North and South remain technically at war since combat ended in the 1950-53 Korean War. While they have not had a serious confrontation since 2010, when the North torpedoed a South Korean naval vessel and shelled Yeonpyeong Island, killing four people, skirmishes are somewhat common along their Yellow Sea maritime border, and militaries on both sides regularly exchange hostile rhetoric about what they would do if the other attacked.

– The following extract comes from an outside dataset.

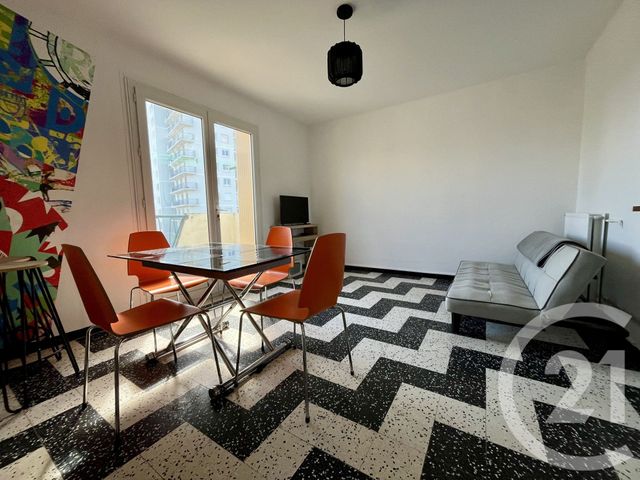 Appartement F4 &agrave; louer - 4 pi&egrave;ces - 66 m2 - Ales - 30 - LANGUEDOC-ROUSSILLON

This recent flurry of activity by North Korea may be related to the upcoming visits by Chinese President Xi Jinping, who will visit Seoul from July 3-4, and is scheduled to then travel on to Pyongyang. The trip will be Mr. Xi’s first visit to the Korean peninsula as president of China. In the past, Chinese leaders have traditionally visited North Korea before South Korea as a way of demonstrating the strength of the alliance between Beijing and Pyongyang.
Xi's shift in approach could be intended to send a message to Pyongyang. “By visiting South Korea first, China can use the trip as a way of showing North Korea that South Korea-China relations are becoming stronger and more cooperative,” says Kim Yong-hyun, a professor of North Korean studies at Dongguk University in Seoul.
China remains North Korea’s only major ally, and Pyongyang relies on China for aid and trade. But as China has reformed and opened its society, North Korea’s stubborn insistence on developing nuclear weapons, as well as its refusal to enact meaningful reforms, have strained China’s patience.
Also, China is South Korea’s main trading partner, and commercial exchange between them has increased in recent years. In spite of their developing trade relations, Seoul and Beijing remain at some distance over how to handle North Korea and its nuclear aspirations. The South Korean government has for years lobbied its Chinese counterpart to do more in pressuring North Korea to give up its nuclear program, and Park and Xi are expected to discuss that issue this week in Seoul.